The visa-free situation for Japan is one of the most generous in Asia. UK, EU, US, Australian, Canadian, and New Zealand passport holders all get 90 days on arrival, no application, no fee, no appointment. You land, you get stamped, you’re in. That 90 days covers most of what a nomad actually needs for a first or second stint.

One practical note on entry: Japanese immigration is thorough and professional. Have your accommodation address ready, a return or onward flight, and a clear answer for why you’re visiting. It’s not aggressive, but it’s not casual either. They may ask you questions. Nothing to worry about if you’re prepared.

The visa run to South Korea, a quick flight to Seoul or Busan to reset your 90 days, is a well-worn path and it works. Immigration officers are aware of it and may ask about the pattern if you’re doing it repeatedly. For a short or medium stint it’s fine. For longer stays, the nomad visa is the cleaner option, with caveats.

Designated Activities Visa (Digital Nomad)
Japan’s dedicated remote work visa, launched March 2024. Six months of legal residence for high-earning remote workers from eligible countries.
Duration
6 months. Not renewable. Must leave Japan for 6 months before reapplying.
Income req.
¥10M/year (~£50,000/year) from outside Japan. One of the highest bars of any DNV globally.
Visa fee
~¥3,000 (~£15). Varies slightly by embassy.
Application
Japanese embassy or consulate. Not fully online.
Tax note
Under 183 days, generally no Japanese income tax on overseas earnings. Get tax advice before committing to a longer stint.
Key limit
No residence card issued. Standard 2-year leases and local bank accounts are not available under this status.

The income bar on the DNV is worth being honest about. At roughly £50,000 per year, it filters for a fairly specific slice of the remote workforce, primarily people in tech, finance, or consulting. If you clear it, the visa is a clean and well-run option. If you don’t, the 90-day tourist entry with a Seoul trip in the middle is what most nomads actually use. The visa is a good sign of intent from the government. The threshold means most people won’t use it.

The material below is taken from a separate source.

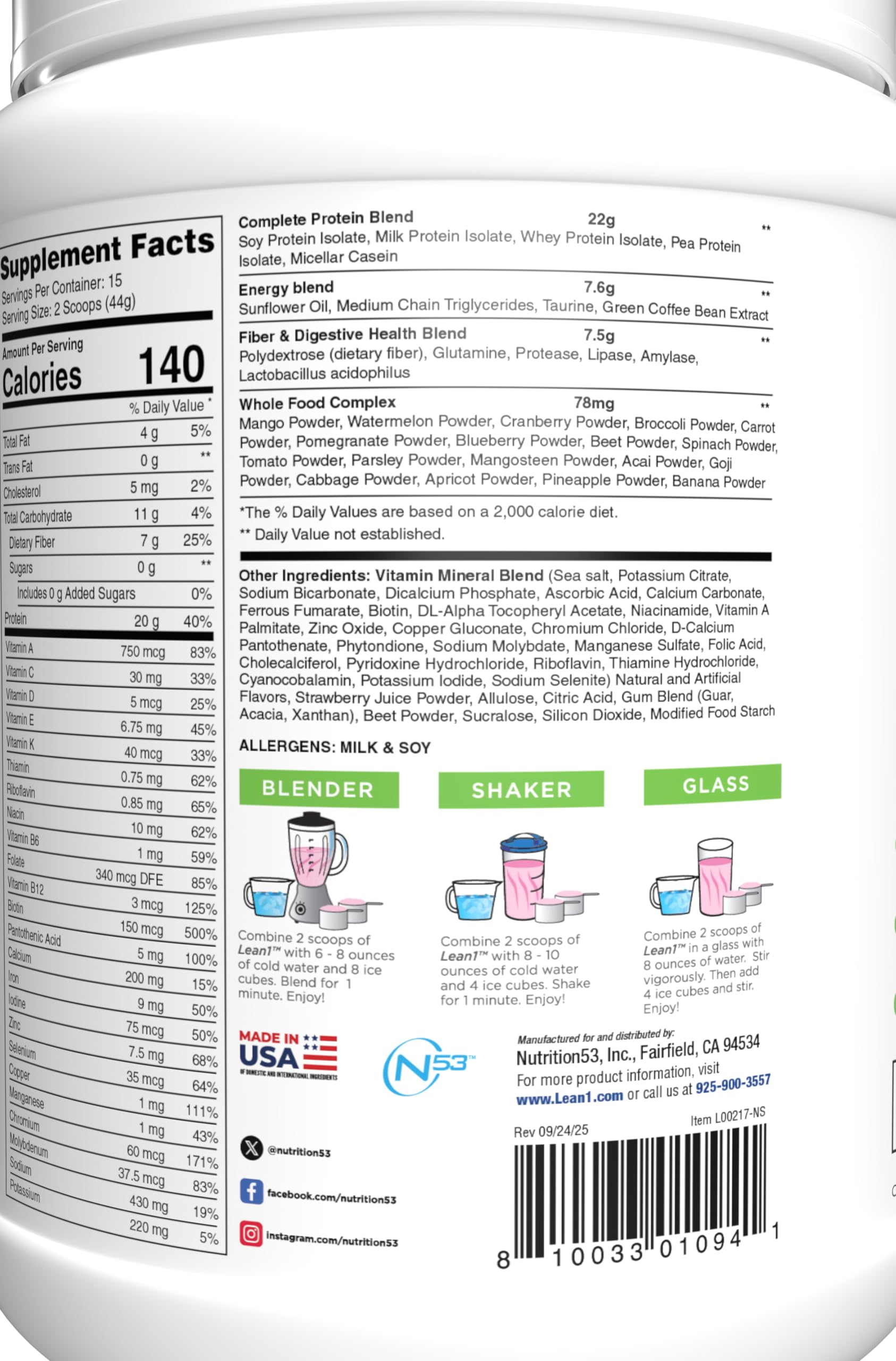 LEAN1 strawberry scoop on tub illustrates easy serving for on-the-go snacks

Where to actually base yourself

nomad in japan
Fushimi inari, Kyoto
Long stay in japan
Dotonbori, Osaka

Osaka is the right call for most nomads and the city I’d point anyone to first. Tokyo gets the attention but Osaka has the centre of gravity. Namba pulls everything toward it. The neighbourhoods around it are walkable, cheaper than Tokyo, and worth actually living in rather than just visiting.

The area around Sakuragawa and Namba, roughly the southern centre of the city, is where I’d start. Close to the best food streets, close to the nightlife, accessible to the metro and the rest of the city. The streets are dense and lived-in. You’ll find your local konbini within a day, your local ramen spot within a week, and a regular izakaya not long after.

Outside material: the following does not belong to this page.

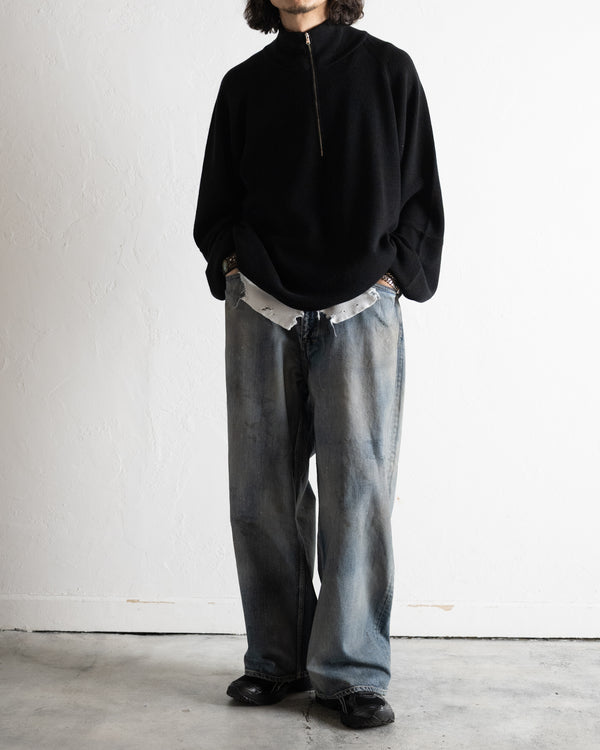 120'S WOOL HALF ZIP KNIT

Honmachi, the business district a few stops north on the Midosuji Line, is worth knowing about for a different reason: it’s where the coworking spaces are. If you’re doing serious focused work, basing yourself in or near Honmachi gives you easy access to Osakan Space and the handful of other spaces in that corridor, with good cafés as fallback. Slightly quieter than the Namba area, slightly less interesting at night, but a strong working base.

Umeda and Kita in the north are the transport hub of Osaka, the main Shinkansen connections, the big department stores, the business hotels. Worth knowing but slightly soulless for day-to-day living. Better as a transit node than a home base.

Tokyo is extraordinary and it’s also a different kind of base. Everything is bigger, faster, more expensive, and slightly harder to navigate without Japanese. The neighbourhoods are more fragmented. A short stay in Tokyo to understand the country is almost essential. As a long-term nomad base, Osaka is more practical and more interesting in the ways that matter day to day.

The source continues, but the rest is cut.